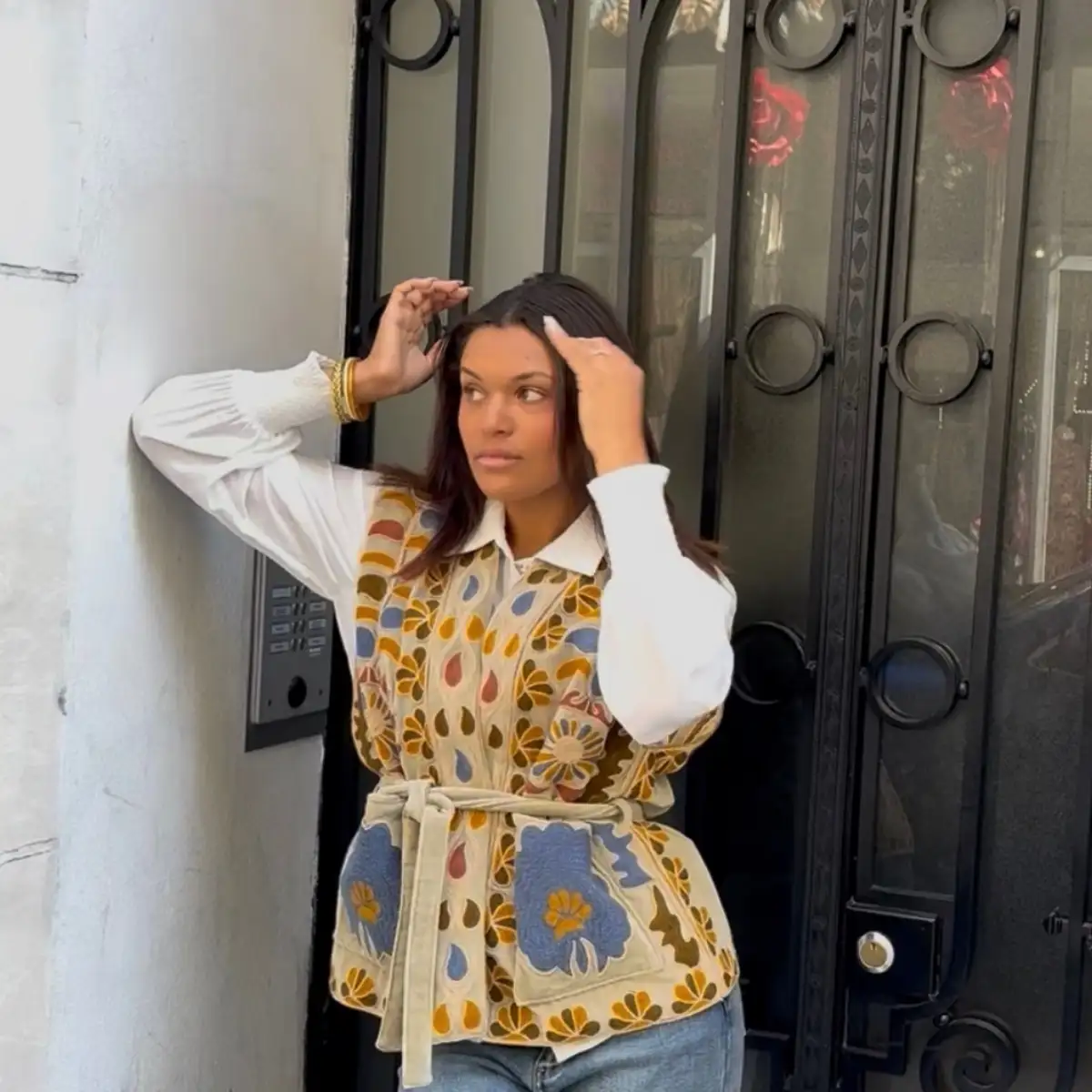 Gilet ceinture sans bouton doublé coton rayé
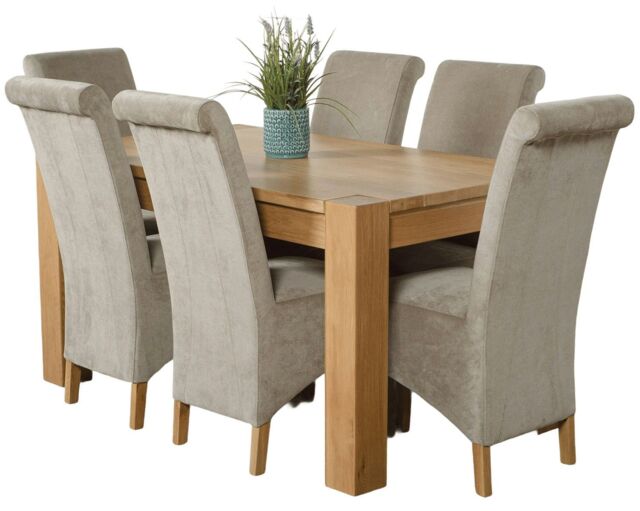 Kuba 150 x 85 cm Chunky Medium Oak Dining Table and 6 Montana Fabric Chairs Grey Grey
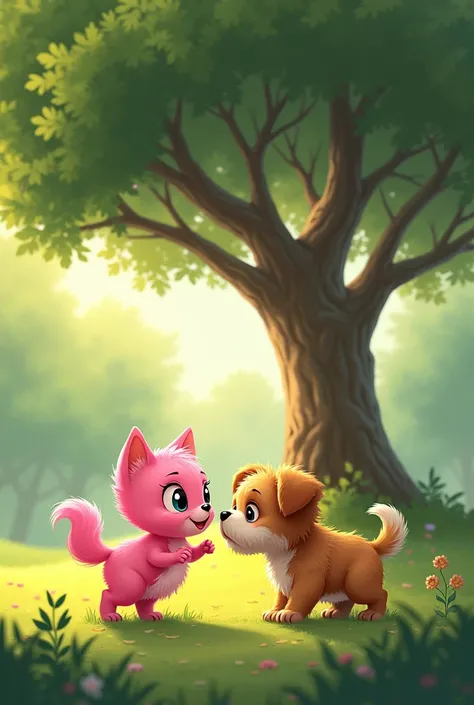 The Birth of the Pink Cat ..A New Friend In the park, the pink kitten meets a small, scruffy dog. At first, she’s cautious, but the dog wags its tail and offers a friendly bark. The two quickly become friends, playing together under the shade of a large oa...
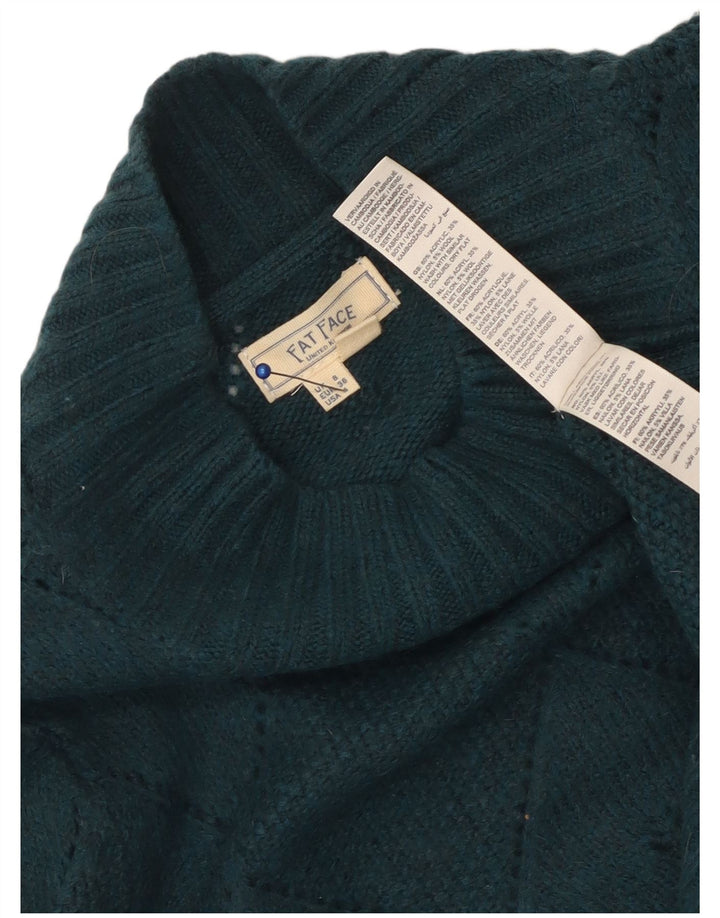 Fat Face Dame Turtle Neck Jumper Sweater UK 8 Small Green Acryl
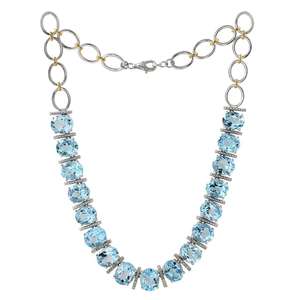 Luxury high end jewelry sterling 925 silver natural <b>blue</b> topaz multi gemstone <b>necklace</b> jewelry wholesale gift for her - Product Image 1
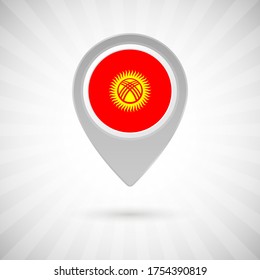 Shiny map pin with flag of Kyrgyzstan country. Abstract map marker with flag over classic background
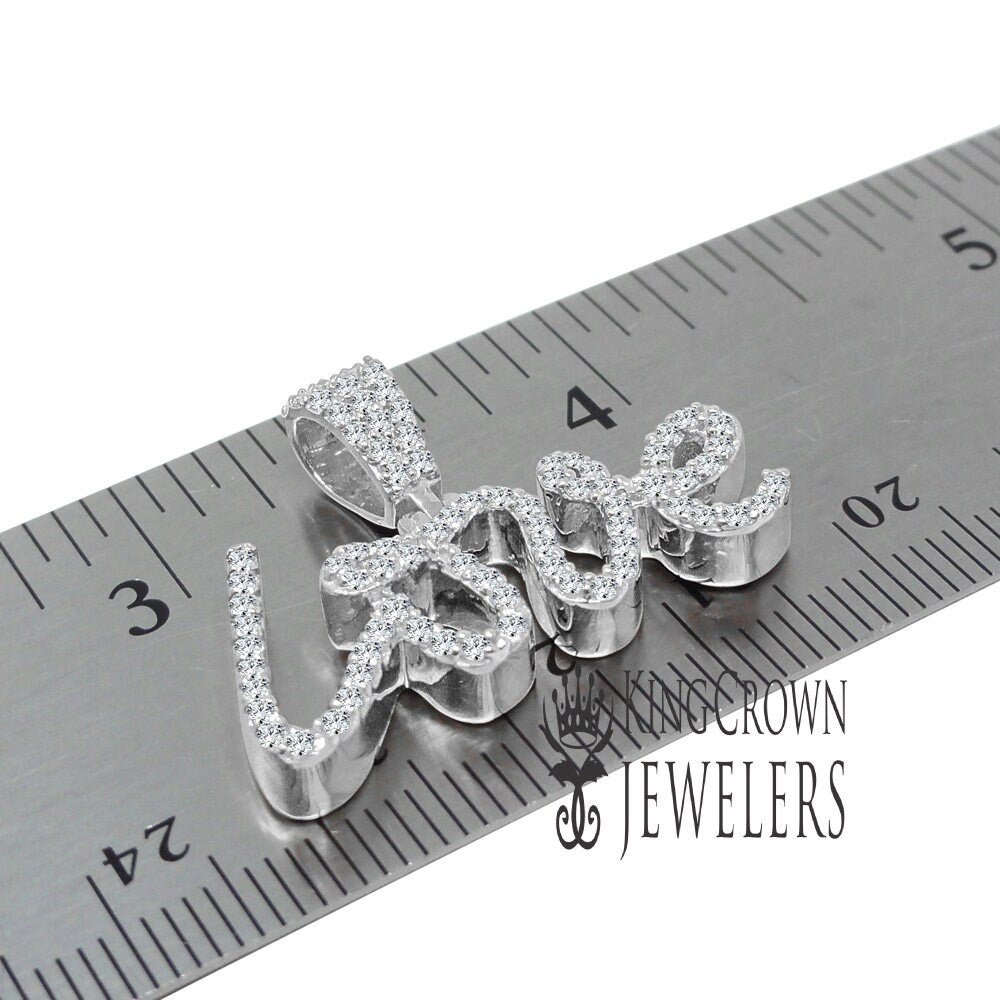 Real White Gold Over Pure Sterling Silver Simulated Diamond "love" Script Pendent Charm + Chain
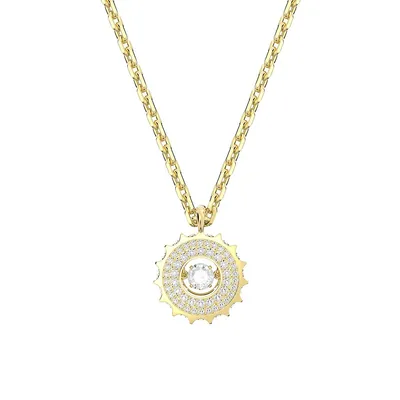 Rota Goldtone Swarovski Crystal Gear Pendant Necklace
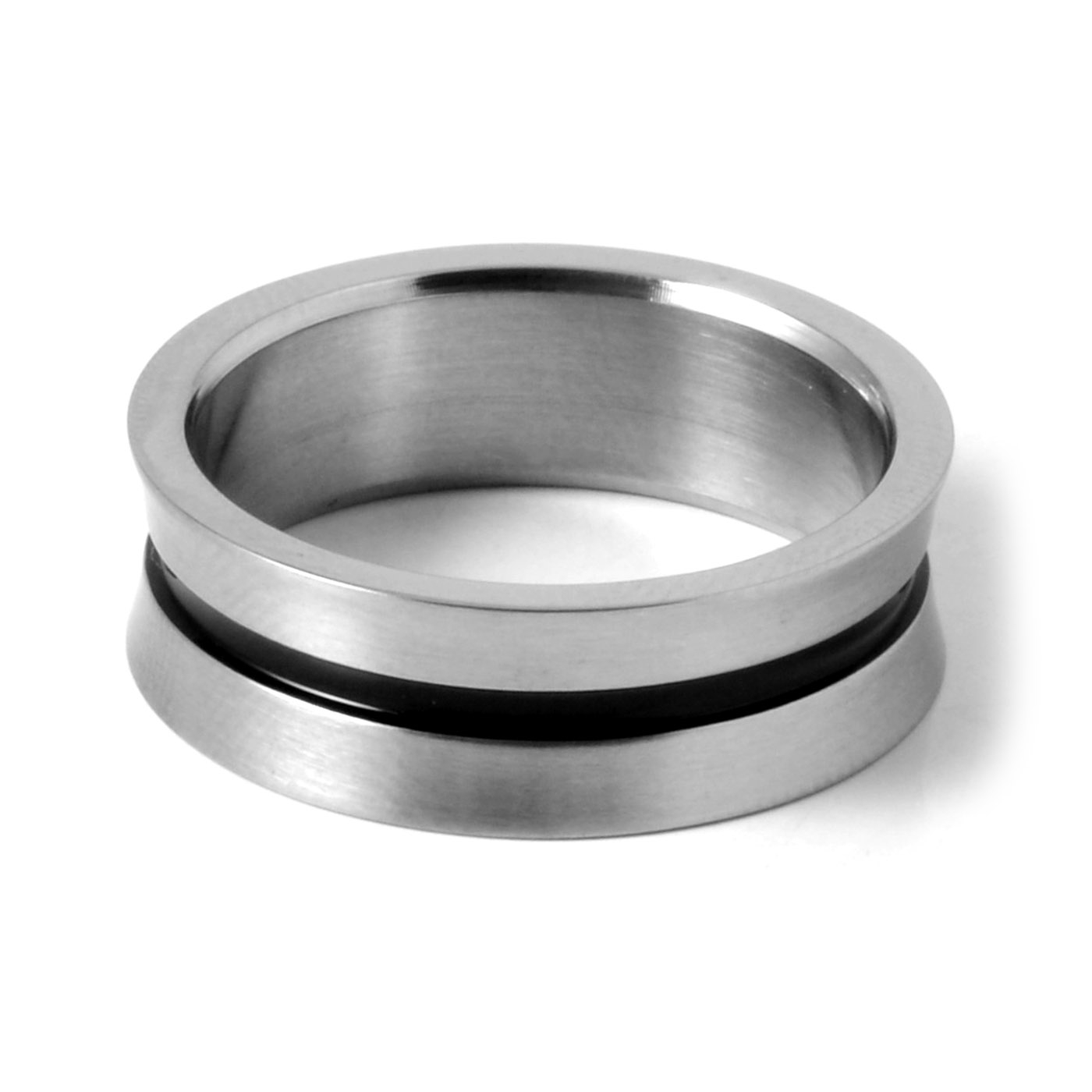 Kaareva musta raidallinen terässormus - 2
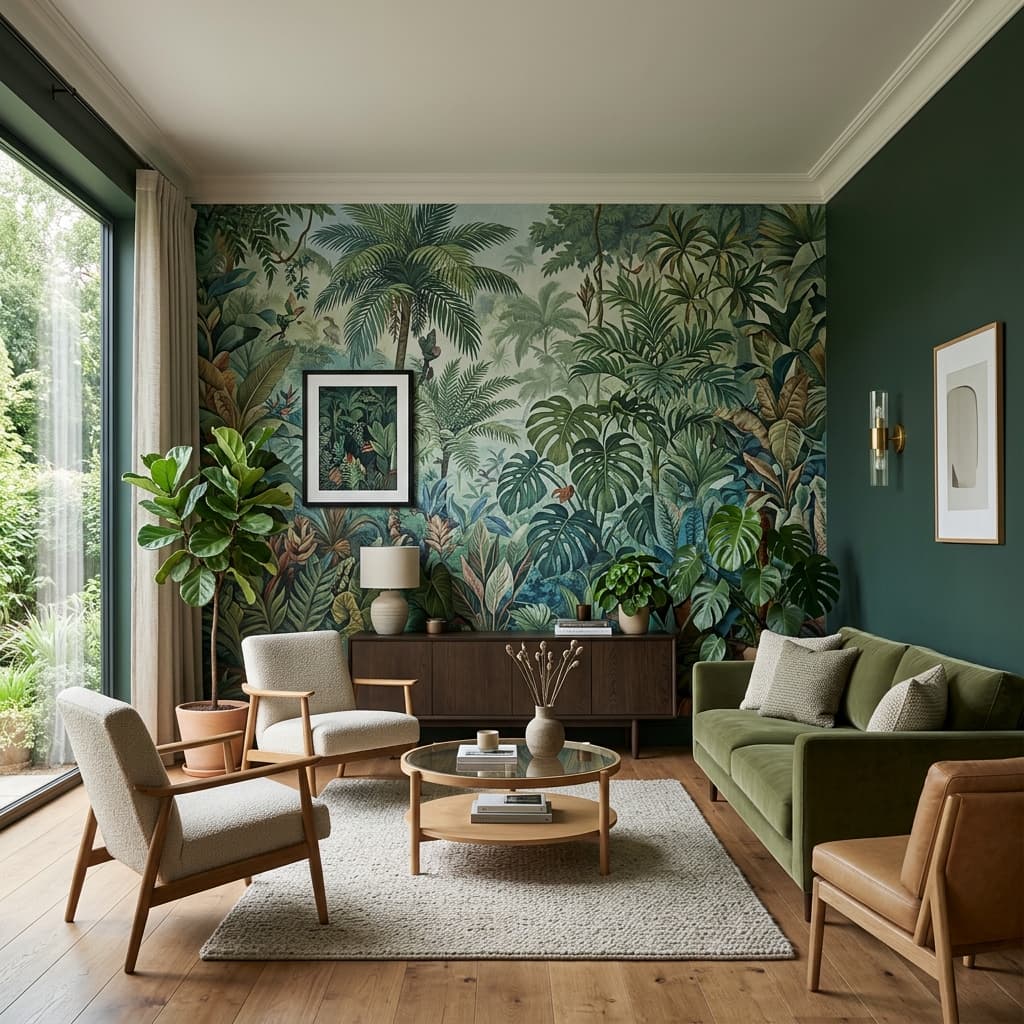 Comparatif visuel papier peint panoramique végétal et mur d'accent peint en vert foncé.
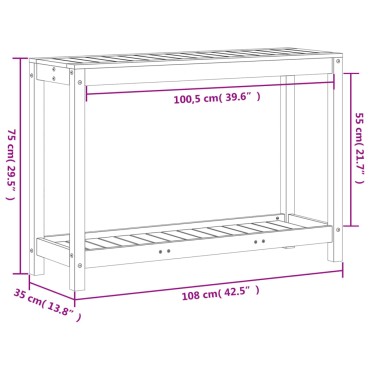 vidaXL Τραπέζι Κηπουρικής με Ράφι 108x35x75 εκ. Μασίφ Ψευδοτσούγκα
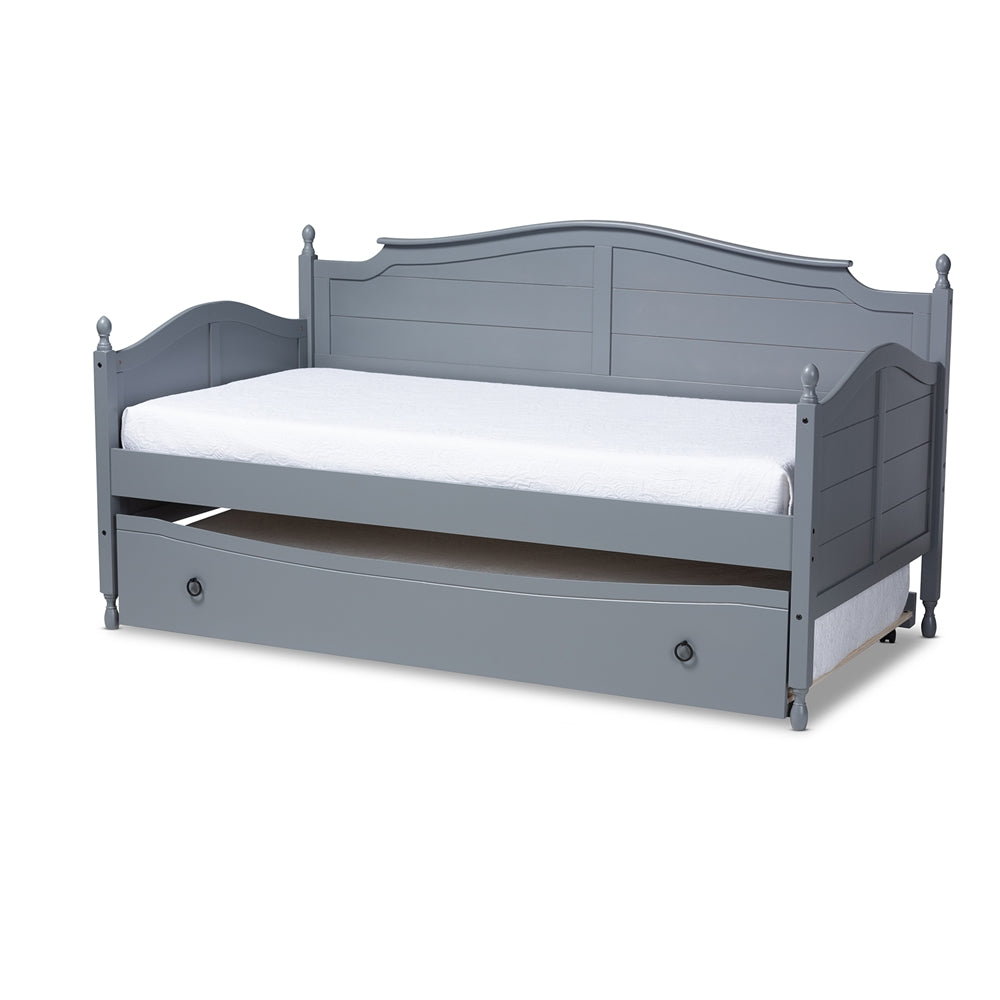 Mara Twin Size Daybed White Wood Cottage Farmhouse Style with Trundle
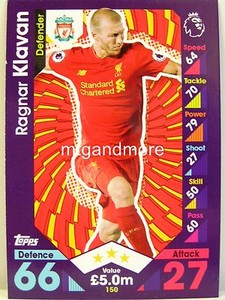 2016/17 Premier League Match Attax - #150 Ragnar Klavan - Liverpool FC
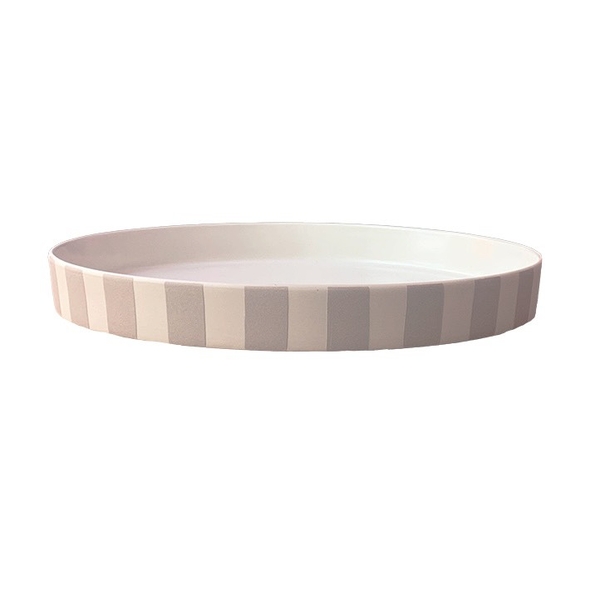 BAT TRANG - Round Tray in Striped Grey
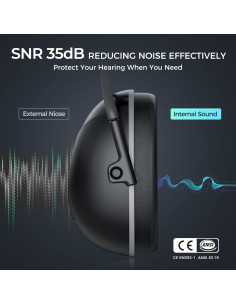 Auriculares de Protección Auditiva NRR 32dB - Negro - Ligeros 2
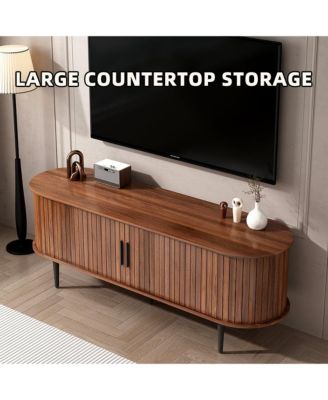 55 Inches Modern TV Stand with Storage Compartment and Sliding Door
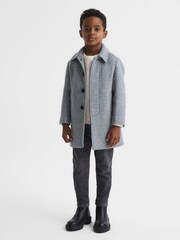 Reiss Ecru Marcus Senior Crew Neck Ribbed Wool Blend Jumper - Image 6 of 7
■ ■ ■ ■ ■ ■ ■
Copy exactly, and only, the lines running from the one containing "Comparatif visuel papier" through the final line of the data, and omit the pictures.

Response to this task:
 Comparatif visuel papier peint panoramique végétal et mur d'accent peint en vert foncé.
 vidaXL Τραπέζι Κηπουρικής με Ράφι 108x35x75 εκ. Μασίφ Ψευδοτσούγκα
 Mara Twin Size Daybed White Wood Cottage Farmhouse Style with Trundle
 2016/17 Premier League Match Attax - #150 Ragnar Klavan - Liverpool FC
 BAT TRANG - Round Tray in Striped Grey
 Auriculares de Protección Auditiva NRR 32dB - Negro - Ligeros 2
 55 Inches Modern TV Stand with Storage Compartment and Sliding Door
 Reiss Ecru Marcus Senior Crew Neck Ribbed Wool Blend Jumper - Image 6 of 7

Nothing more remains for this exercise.